Assemble the Gauge Cluster
1. Align the gauge face and the PCB.
2. Ensure your new LEDs are not too tall and prevent the needles' post from sticking out on the gauge face. If they do you can either go back and shorten your leads on your LED or do the following.
3. Once you have gauge face and PCB aligned, place the needles as close to zero as you can and gently press the needle back down. "Zero" being their calibrated starting point, not the actual number.
4. Once you have placed them on the post check their tension. Do they slide easily or is there some resistance?
5. If there is some resistance chances are that the needles won't move once the vehicle is started. The only way to tell is to fire her up and drive her around the block (or down the street and back).
Note: To alleviate this problem, try not to press down to hard on the needle. Place it on the post and only press it down only a little bit. It worked for me.
Return the Gauge Cluster to the Dashboard
1. With the needles in place and zero'ed in, go ahead and place the gauge face back inside the plastic cover and return the black plastic back panel on top of that.
2. Screw all eight [8] torx in clockwise.
3. Return the gauge to the harness and screw all (4) four bolts clockwise.
4. Snap the gauge bezel back in place, paying attention to the bottom. Ensure the bottom slides behind the dash before snapping in the top.
DONE!
----------------
Project & durability update: (5 years later)

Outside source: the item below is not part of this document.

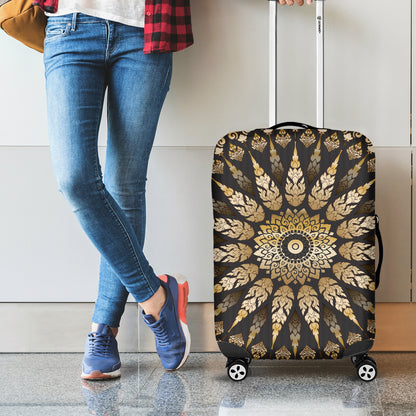 Thai Mandala Print Luggage Cover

After having the green LEDs in for a few years I noticed that two on the left side of the gauge cluster would becoming dimly lit or would black out altogether. From my understanding this was due to a bad connection from the soldering breaking loose from the cluster's PCB, most likely from a cold solder. This is from rushing the process and not heating up the the entire solder past it's melting point.

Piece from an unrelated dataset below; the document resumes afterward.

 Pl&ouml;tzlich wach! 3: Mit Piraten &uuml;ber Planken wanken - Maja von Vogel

On a happier note I traded in my '05 for an '07 Xtreme with an automatic transmission and will be updating the tutorial to reflect an automatic transmission gauge cluster.
Using a single color on the cluster prevents brighter colors of different shades from washing into each other. I was not impressed with using white on the information center. It caused the information center to display in purple.